Les 3 facteurs à l’origine d’un stéréotype
« Il faut bien comprendre que les stéréotypes, c’est très humain et c’est normal d’en avoir », précise Antonin Carrier. Le développement des stéréotypes est dû à des fonctionnements profonds de l’humain. « Nous sommes une espèce pacifique et collaborative, extrêmement conformiste, pour qui la hiérarchie est aussi puissante que la croyance », ajoute le spécialiste.
Il identifie 3 facteurs à l’origine des stéréotypes :
- La structure des relations et la compatibilité des buts. Elle relève des relations entre les groupes, par exemple une situation de compétition amène à la stigmatisation de l’adversaire. Alors qu’en situation de collaboration, les individus se trouvent plus facilement des points communs.
- Le sentiment d’appartenance à un groupe, qui nous conduit à privilégier les membres de notre groupe et discriminer ceux de l’autre, sans besoin de situation réelle.
- La compatibilité des valeurs. Si les valeurs de deux individus sont trop éloignées, c’est là que peuvent émerger les conflits les plus violents, générant la haine et des volontés d’élimination de l’autre groupe.
Pourquoi est-ce si compliqué à déconstruire ?
Pourquoi les stéréotypes sont-ils si compliqués à déconstruire ? « Parce que les individus pensent avoir de bonnes raisons de croire en leurs propres stéréotypes », répond Antonin Carrier, il poursuit : « Personne n’a envie d’être immoral ou violent. Si nous avons un comportement problématique, c’est parce que nous ne le considérons pas comme problématique. » Dès lors que nos croyances stéréotypiques sont remises en question ou menacées, c’est en fait notre représentation du monde entier qui est remise en cause.
Bien que cela soit humain, les stéréotypes sont étudiés notamment pour mieux les comprendre et tenter de résoudre les conséquences négatives qu’ils engendrent.
Parmi ces tentatives nous retrouvons « l’hypothèse du contact » pour acquérir des informations moins menaçantes via des interactions avec la cible stéréotypée. Cette prise de contact permet de créer de nouvelles expériences positives qui déconstruisent les idées préconçues.

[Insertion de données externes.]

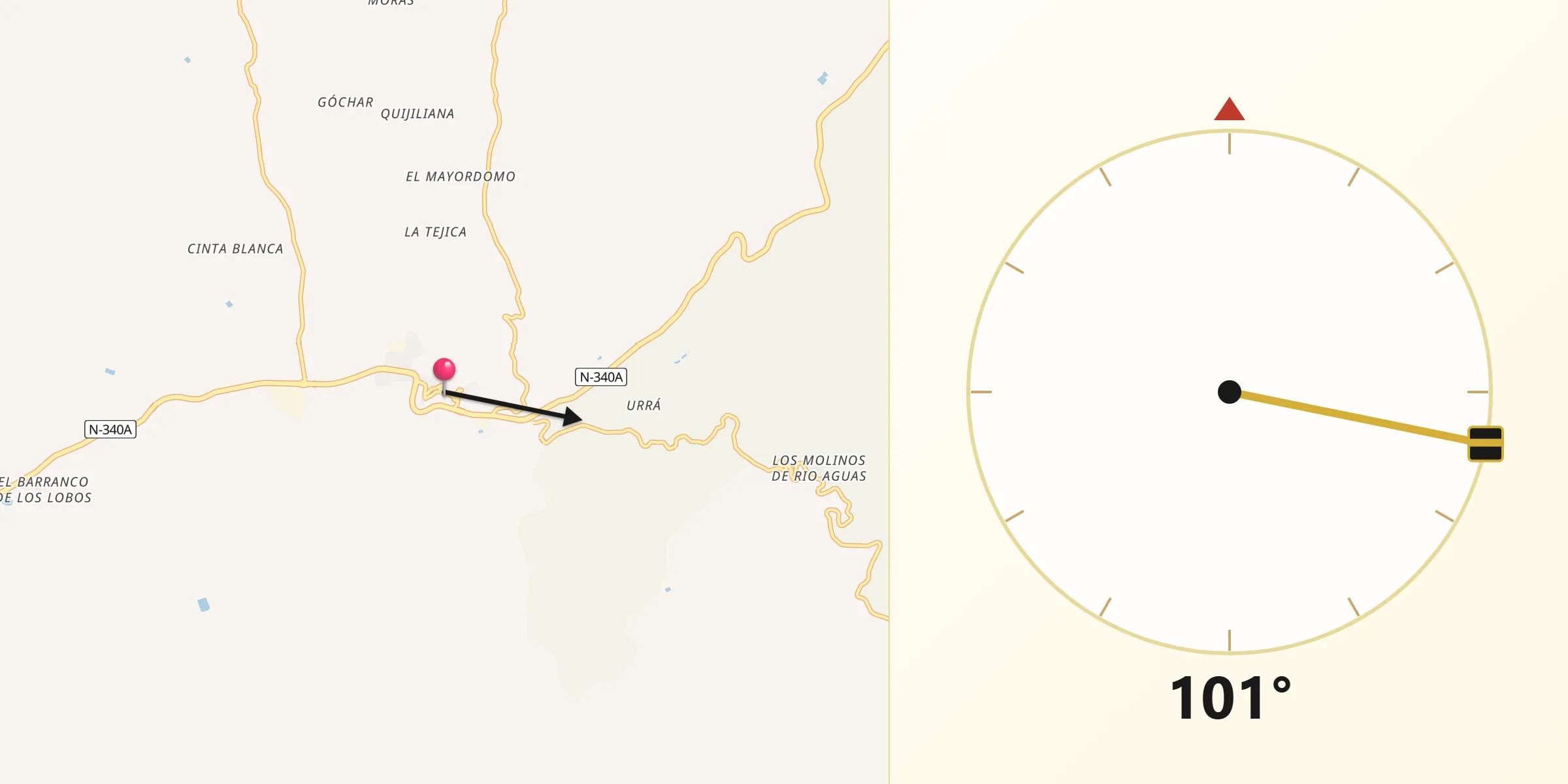 Dirección de la Qibla desde Sorbas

« Un travail de sensibilisation et d’éducation est nécessaire, car la plupart des personnes ne se rendent pas compte qu’elles entretiennent des stéréotypes car elles considèrent leur croyance comme vraie et vérifiée », ajoute Antonin Carrier, qui conclut : « Les stéréotypes trouvent donc leur origine dans un groupe mais s’arrêtent également avec le groupe ».